The war in Gaza has driven around 80% of the territory's population of 2.3 million from their homes and caused vast destruction to apartments, hospitals, mosques and schools across several cities. The death toll in Gaza has soared to more than 34,500 people, according to local health officials.

 

The war began Oct. 7 when Hamas attacked southern Israel, killing around 1,200 people, mostly civilians, and abducting about 250 others. Israel says militants still hold around 100 hostages and the remains of more than 30 others.

 

Israeli drone strike on car in lebanon kills 4, group says

Beirut — Lebanon's Civil Defense paramedic group says an Israeli drone strike on a car in a Lebanese village near the border with Israel killed four people.

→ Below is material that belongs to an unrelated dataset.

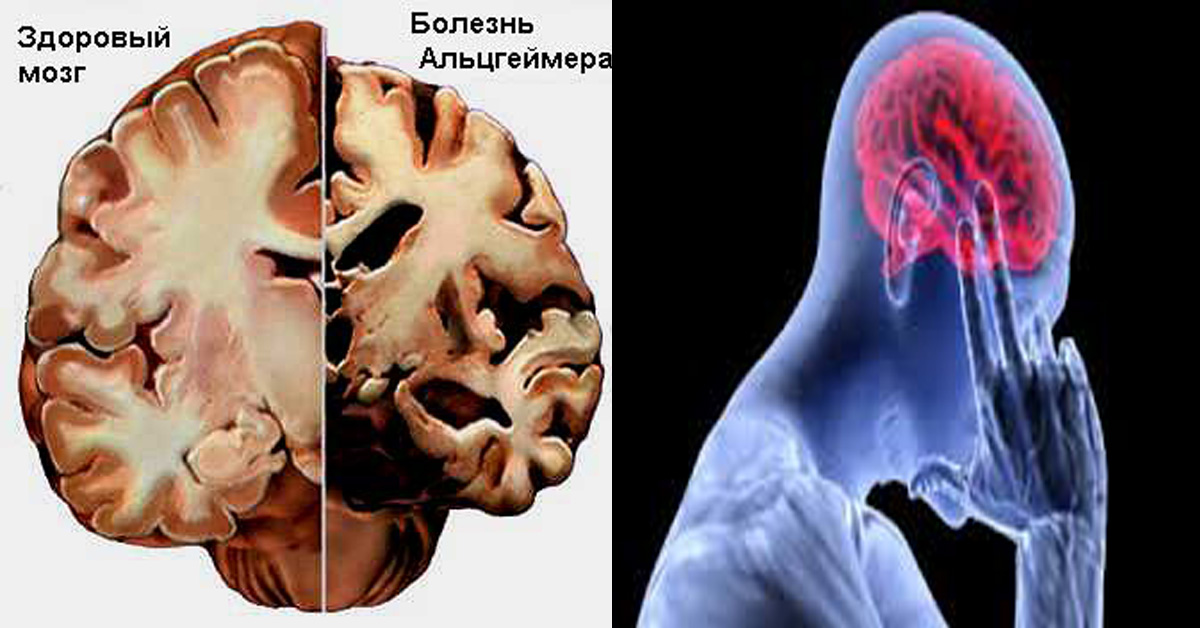 Возрастные изменения мозга. Болезнь Альцгеймера деменция. Мозг болезньальцгецмера. Мозг здорового человека и Альцгеймера.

It was not immediately clear if the four killed Thursday in the village of Bafliyeh were members of Lebanon's militant Hezbollah group.

 

Hezbollah started attacking Israeli army posts along the Lebanon-Israel border a day after the Israel-Hamas war broke out on 7 October. Since then, more than 350 people have been killed in Lebanon, including 275 Hezbollah members and more than 70 civilians and non-combatants. In Israel, 15 soldiers and 10 civilians have been killed.

 

Foreign officials have been visiting Lebanon over the past month in attempts to bring calm to the border, but Hezbollah has repeatedly said it will not stop fighting until there is a cease-fire in the Gaza Strip.